I sighed and turned around, there was no point in following her in there to push her for a response. Rachel shared things when she wanted, and not when she didn’t. I left her to get her head around the idea. My head was full anyhow. I was getting my brain around what the hell to say to Mr. Rees to stop him pushing for custody. No ideas had come to me yet.
How did I win against a rich guy who could afford billion-dollar lawyers?
I didn’t even really get why he was fighting… He hadn’t wanted Saint to be born. He’d wanted Rach to have an abortion. I still had his stupid scribbled note saying he didn’t want anything to do with the kid if she had it.

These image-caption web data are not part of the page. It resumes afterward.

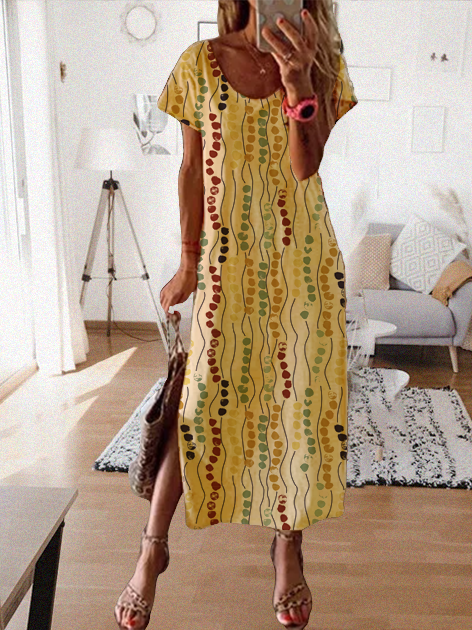Loose Round Neck Short Sleeve Printed Dress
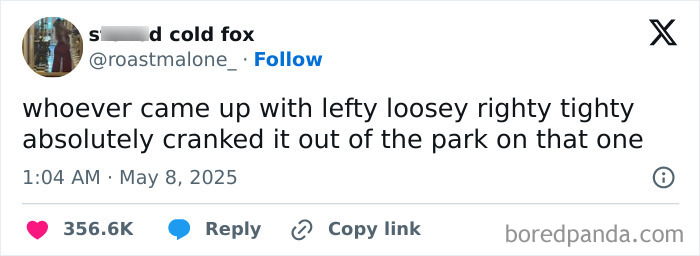 Screenshot of a humorous British tweet about "lefty loosey righty tighty" showcasing British people being the best comedians.
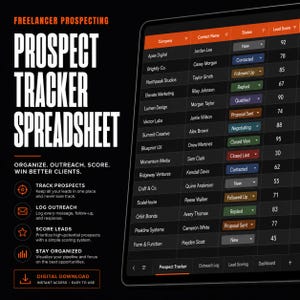 May include: A digital prospect tracker spreadsheet displayed on a tablet screen, featuring columns for company, contact name, status, and lead score. The interface uses a dark theme with orange headers and color-coded status labels for lead management.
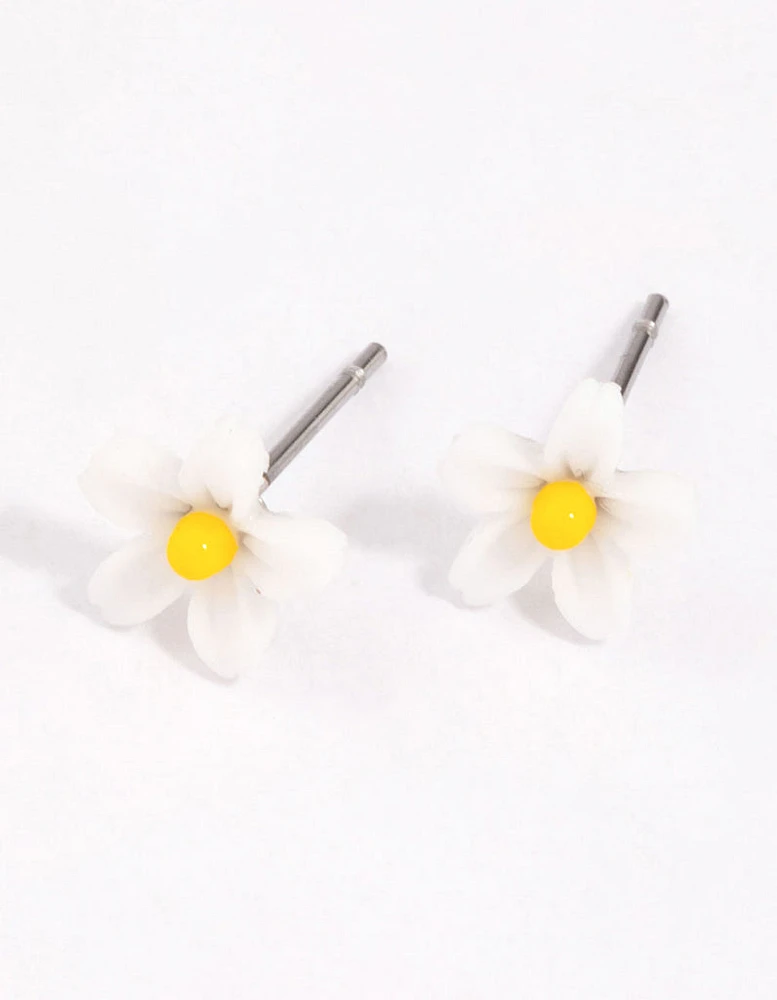 Yellow Mini Daisy Stud Earrings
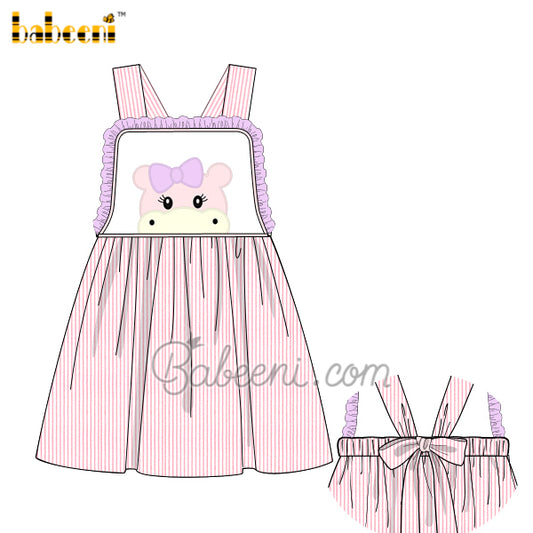 Cute cow applique baby dress – DR 3490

So why had he changed his mind?
Because I wanted Saint…
That’s what I thought, that this was between him and me and had nothing to do with Rach or Saint. They’d just gotten caught up in it. When I’d worked for him he’d seen me as a nobody and neither of us had known about our connection when I’d found Rach and she’d moved in with me. It wasn’t until the party he’d had when I saw her picture in his penthouse that I found out who Rach’s abusive ex had been—my boss.
I’d quit work. I’d heard enough about her ex from Rach to know there was no way I could work for him knowing that, especially when we were going to raise his kid.
But after I’d walked out of work, he’d come after Rach. He’d turned up at my place, late at night, off his head on something, with a group of guys. That hadn’t been just about Rach. He’d wanted to take her away from me, not just take her. I’d been the guy he’d deemed a worthless piece of shit. He had loads of money. Several businesses. Friends in powerful places. Massive houses. The best of everything. Everything I could never hope for. But I’d kicked his ego that night I’d blackened his eye and probably broken his rib, and he’d gone away. I’d won that night.
But Mr. Rees was the sort of guy who didn’t like losing.
Shit.
So how did I persuade a man like that to let us keep Saint and stop fighting?
I didn’t know. But I was trying to convince Rach I did. I’d told her everything was going to be okay. That we’d get this fixed. But the problem was—I looked at my watch and remembered how long it used to take me to get to the office, about forty-five minutes—in forty-five minutes she was going to discover that I’d lied.
Nausea twisted around in my gut and I rubbed my hands on the seat of my pants.
I’d hated the asshole a year ago, but that feeling then had been a shallow dislike. Now it was a violent distaste. But the cutting thing was, that underneath every feeling I had, I still had this shitty sense he was better than me, because he had so much more than I did.